A ZEN LIFE is the first documentary film to present the extraordinary life of D.T. Suzuki. This vivid portrait of the man and his times includes rare footage of Suzuki himself and reminiscences by many whose lives and thinking he influenced.
Photo by Mihoko Okamura
"One great thing human beings have is to have invented letters, characters by means of which we can write books. Nowadays, sounds are also recorded. We have all kinds of photographic techniques, so that what is going on, and went on in the past, can be retained as if they were really living, and as if we were actually experiencing those things ourselves.
"This is a great thing. We can transmit what we have acquired during our lifetime to our descendants. Although we can bequeath all those things to our descendants, those descendants, including ourselves - we are descendants of our past - don't make full use of the experiences of our forefathers. That is a quite different thing."

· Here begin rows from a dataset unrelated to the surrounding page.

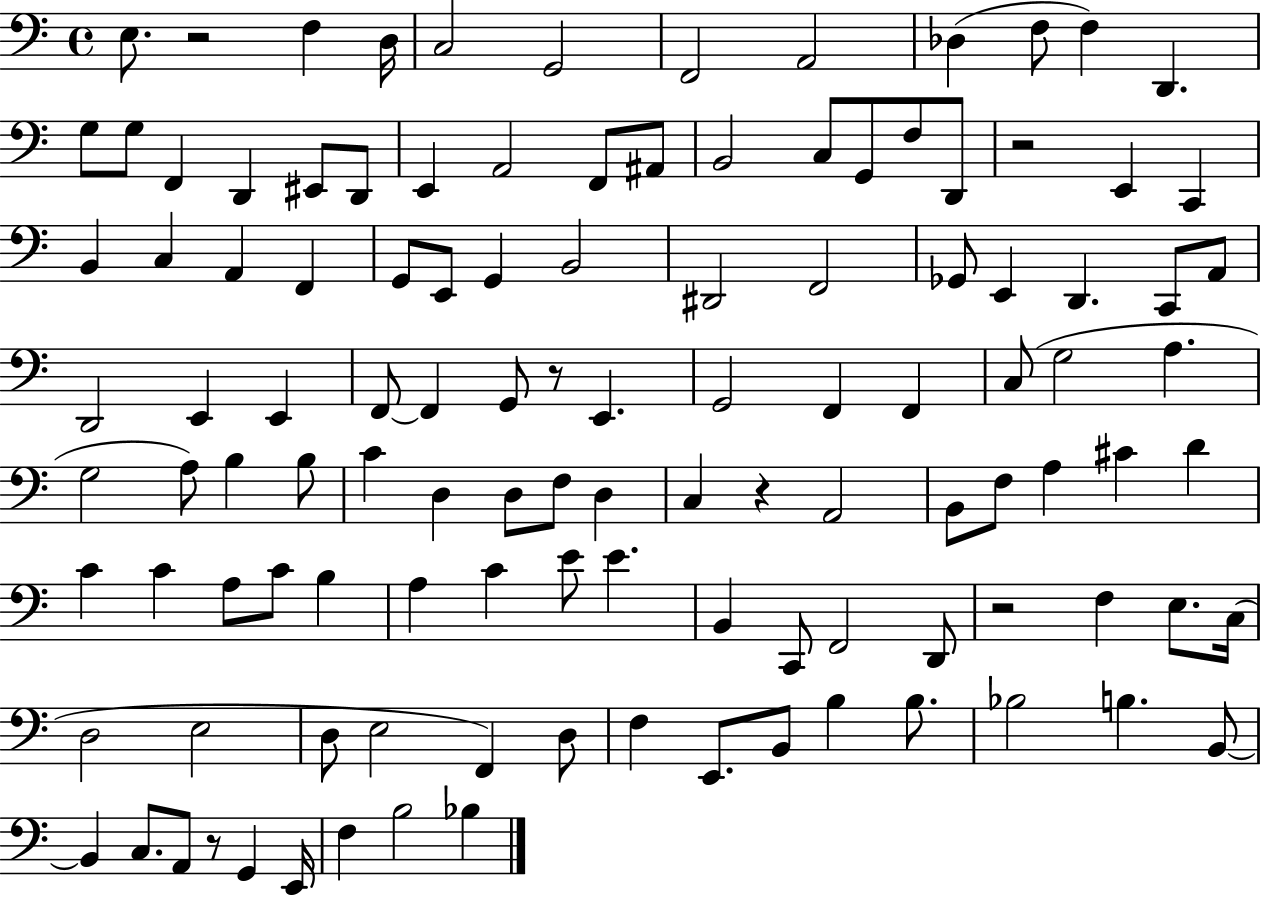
X:1
T:Untitled
M:4/4
L:1/4
K:C
E,/2 z2 F, D,/4 C,2 G,,2 F,,2 A,,2 _D, F,/2 F, D,, G,/2 G,/2 F,, D,, ^E,,/2 D,,/2 E,, A,,2 F,,/2 ^A,,/2 B,,2 C,/2 G,,/2 F,/2 D,,/2 z2 E,, C,, B,, C, A,, F,, G,,/2 E,,/2 G,, B,,2 ^D,,2 F,,2 _G,,/2 E,, D,, C,,/2 A,,/2 D,,2 E,, E,, F,,/2 F,, G,,/2 z/2 E,, G,,2 F,, F,, C,/2 G,2 A, G,2 A,/2 B, B,/2 C D, D,/2 F,/2 D, C, z A,,2 B,,/2 F,/2 A, ^C D C C A,/2 C/2 B, A, C E/2 E B,, C,,/2 F,,2 D,,/2 z2 F, E,/2 C,/4 D,2 E,2 D,/2 E,2 F,, D,/2 F, E,,/2 B,,/2 B, B,/2 _B,2 B, B,,/2 B,, C,/2 A,,/2 z/2 G,, E,,/4 F, B,2 _B,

“Some strictly orthodox Zen masters may have grumbled at his temerity in attempting to explain the unexplainable mystery of their doctrine. But even they had to admit that he became Zen’s most successful and widely respected missionary outside Japan, and that if anyone could communicate Zen to the West, Dr. Suzuki was the man... He radiates… a special serenity that makes him a magnificent living example of the doctrine he preaches.”
Winthrop Sargeant, The New Yorker, 1957
"Though perhaps less universally known than such figures as Einstein or Gandhi (who became symbols of our time) Daisetz Suzuki was no less remarkable a man than these... He contributed no little to the spiritual and intellectual revolution of our time."
Thomas Merton
"Suzuki's works on Zen Buddhism are among the best contributions to the knowledge of living Buddhism... We cannot be sufficiently grateful to the author, first for the fact of his having brought Zen closer to Western understanding, and secondly for the manner in which he has achieved this task."
Carl Jung
“He had studied the teachings of Buddha. He had taught the teachings of Buddha. But he had gone much further than this. He had saturated his whole life with the teachings of Buddha and, in his own way, he expressed those teachings so that everyone who saw him or heard him was drawn to him and disposed toward Buddhism.”